= Fredo Durand =

American computer scientist

Fredo Durand is a computer scientist at the Massachusetts Institute of Technology’s Computer Science and Artificial Intelligence Laboratory (CSAIL), where he helps lead CSAIL's Computer Graphics Group.

He works on both computer graphics and vision, spanning topics such as computational photography, differentiable rendering, compilers for high-performance imaging, and video magnification.

Several of his projects focus on trying to reveal visual signals that are otherwise imperceptible to the human eye. With MIT colleagues he developed a “motion microphone” device that can take silent video of an object and magnify the visual vibrations from the video to recreate the sounds present in the room. He also helped develop a system that can look at short video clips of people sitting still and visually magnify their movement and skin-color changes such that he could measure people's heart-rates, enabling new applications for remote health monitoring.

Another project uses video of shadows on the floor to be able to detect things hidden around the corner. His team's “Interactive Dynamic Video” system lets them test how an object would respond to different kinds of touch based only on a short video clip of it.

He has also created several tools for computer graphics. With Saman Amarasinghe and Jonathan Ragan-Kelley he invented a domain-specific language (DSL) called Halide for image processing. Their research showed that Halide offers speed and performance gains over hand-engineered code, and uses code that is also easier to read.
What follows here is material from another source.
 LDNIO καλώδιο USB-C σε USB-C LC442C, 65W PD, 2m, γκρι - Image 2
Halide has received interest from both academic and industry partners, who have incorporated it into products such as the Google Pixel's cameras, Adobe's Photoshop filters and YouTube's video-uploading system.

Durand received his PhD in 1999 from Grenoble Institute of Technology in France, supervised by Claude Puech and George Drettakis.
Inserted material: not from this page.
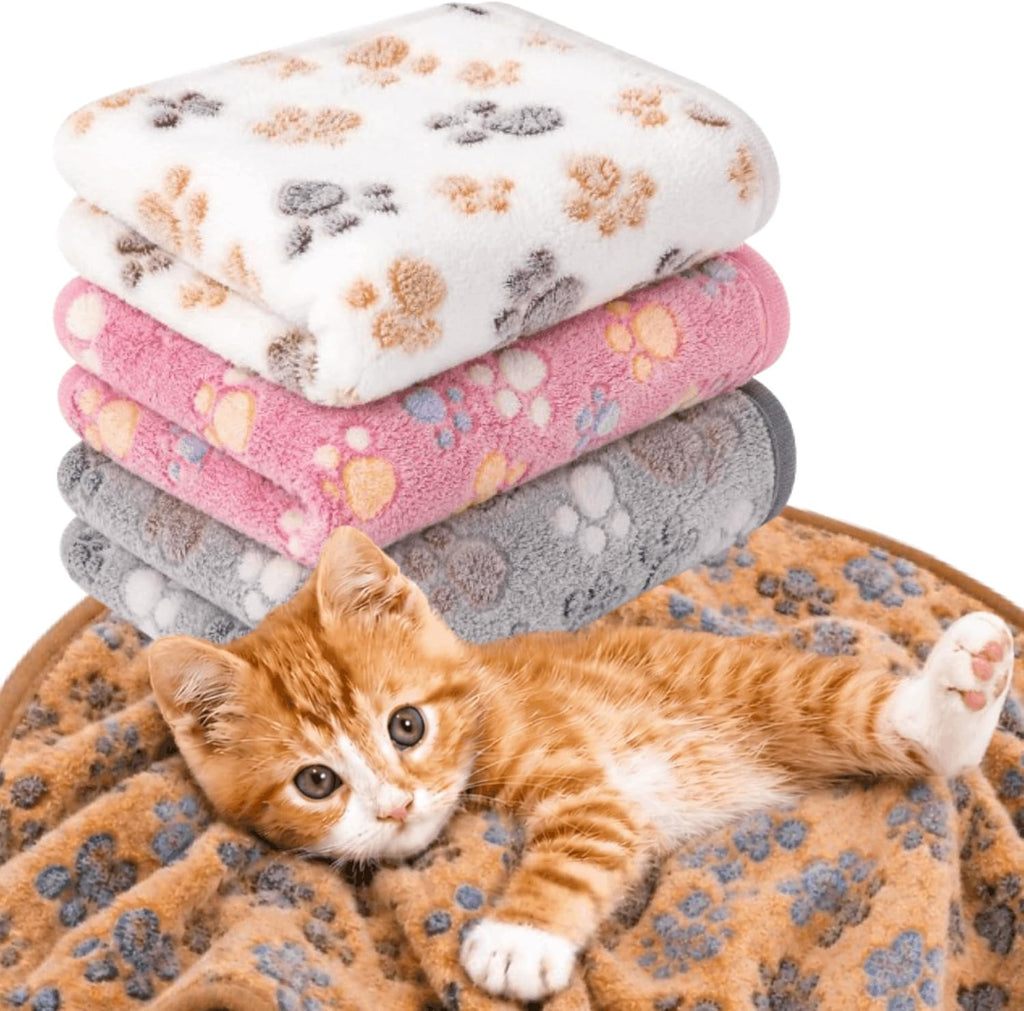 Lfory kitten blankets front view soft fleece material pack of four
He co-organized the first Symposium on Computational Photography and Video in 2005, and the first International Conference on Computational Photography in 2009.

Durand received an inaugural Eurographics Young Researcher Award in 2004, an NSF CAREER award in 2005, an inaugural Microsoft Research New Faculty Fellowship in 2005, a Sloan fellowship in 2006, a Spira award for distinguished teaching in 2007, and the ACM SIGGRAPH Computer Graphics Achievement Award in 2016.